Ayer murió Camilo Sesto en Madrid. Tenía 72 años. Era casi más conocido, admirado e imitado en Latinoamérica
que en su España natal. No sé si es verdad, pero he leído que Andrew Lloyd Weber,
el autor de la ópera rock Jesus Christ Superstar,
decía que la única adaptación de su obra que estaba a la altura de la original
era la que hizo Camilo Sesto en 1975. En su momento, la escuché muchas veces.
Me sabía varios números de memoria. Hay otras muchas canciones que lo hicieron famoso, pero yo me quedé con su versión rockera de Jesucristo. Hace unos pocos días murió en condiciones
extrañas la medallista olímpica Blanca
Fernández Ochoa. Tenía solo 56 años. Descansen ambos en paz. Cada uno en su campo (la música o el deporte), alcanzaron cotas muy altas. Sus vidas fueron complejas y algo atormentadas. Son solos dos muertes de
personajes famosos, pero es como si el mes de septiembre se hubiera estrenado
con una abultada sección de obituarios.
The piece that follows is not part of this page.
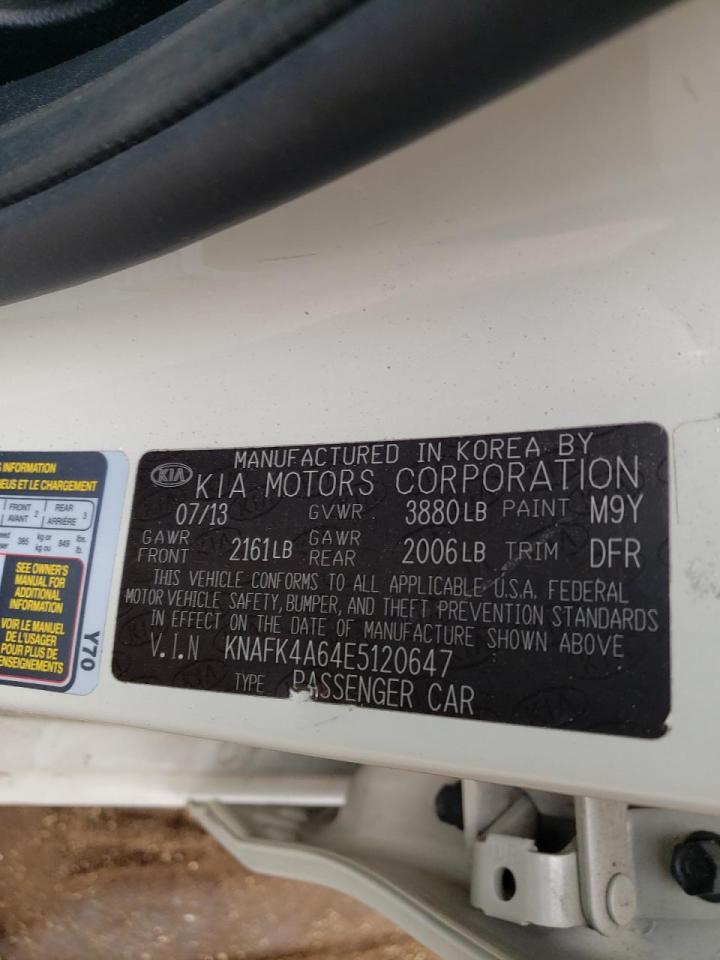 Photo 10 from auction – 2014 KIA FORTE LX with VIN KNAFK4A64E5120647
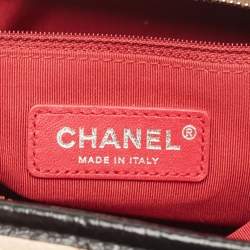 Chanel Beige/Black Quilted Aged Leather Medium Gabrielle Hobo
Comprendo que destacar a una persona en
detrimento de otra es algo muy subjetivo. Los medios lo hacen en virtud del impacto social. Camilo Sesto y Blanca Fernández eran más
conocidos en el ámbito español que otras muchas personas que han fallecido en
estos mismos días. Sin embargo, para
sus familiares y amigos cada persona que muere es única, incomparable a las demás.
Me gustaría
escribir algo sobre mi primera semana en la India, pero prefiero dejarlo para
más adelante. Hoy vuelvo mis ojos a Europa. Contemplando la bulliciosa ciudad
de Bangalore, llena de empresas informáticas de alto nivel; visitando nuestro complejo académico de Jalahalli con alrededor de 8.000 jóvenes estudiantes;
echando un vistazo a los desplazamientos geoestratégicos de nuestro mundo
globalizado, caigo en la cuenta de que nuestro viejo continente va perdiendo fuelle, si es que no lo ha perdido del todo. Quizás me he contagiado de los sentimientos de pérdida que produce la
acumulación de muertes, pero tengo la impresión de que Europa cada vez se parece
más a un museo (no quiero decir cementerio) que a un laboratorio. Fue un centro
de creatividad en los siglos pasados, pero no se puede vivir siempre de las
rentas como los viejos hidalgos venidos a menos. No me extraña que los jóvenes
con más talento e inquietud emigren a Estados Unidos, Canadá, Australia y otros
lugares en los que se piensa más en el futuro que en el pasado. ¿Qué está haciendo Europa, por ejemplo, en el campo de las comunicaciones, dominado por Estados Unidos y algunos gigantes asiáticos? Quizás el hecho
mismo del envejecimiento demográfico demuestra a las claras que Europa se ha
cansado de ser vanguardia, de ensayar nuevos caminos, de buscar respuestas
creativas a los muchos problemas que hoy tiene la humanidad. Quizás por eso las
obras que produce están cargadas de pesimismo. Los autores prefieren buscar en
el fondo oscuro del alma humana antes que abrir vías luminosas. El interés que
muchos tienen por la eutanasia (y hasta por el suicidio) no es más que el último
peldaño moral de este cansancio de vivir. Es como si hubiéramos perdido el mapa
y no tuviéramos ya el más mínimo interés en encontrarlo.
Si renunciamos a
ser un “laboratorio” de nuevas propuestas, solo nos queda explotar nuestra
condición de “museo”. En este punto, ningún continente puede competir con
Europa. Tantos siglos de civilización han producido una cantidad ingente de
obras científicas, artísticas y literarias. Hay museos por todas partes. Pero
un museo nos remite más al pasado que al futuro. Nos ayuda a entender de dónde venimos,
pero se requiere algún impulso nuevo para saber a dónde vamos. Quizás se
necesita un periodo de otoño-invierno cultural y moral antes de que llegue una
nueva primavera. No sería la primera vez que sucede algo semejante en nuestra historia. Mientras
tanto, no conviene dormirse en los laureles, sino dejarse fecundar por el genio
de las muchas personas que llaman a las puertas y que sueñan con labrarse un
futuro mejor en nuestro continente. Estoy convencido de que son portadoras de
semillas de novedad que en su momento producirán sus frutos. Pero también en
este punto la política europea es errática. Oscilamos entre la represión y la
indiferencia. ¿No tendrán las comunidades cristianas, incluyendo sus pensadores, científicos y artistas, sacar de la bodega de la fe nuevos impulsos para ensayar el futuro? La Iglesia puede ser ese laboratorio en el que testar las propuestas que pueden renovar el continente, comenzando por la integración de los migrantes y siguiendo por la promoción de la investigación en todos los campos científicos y artísticos, evitando estar siempre como a la defensiva.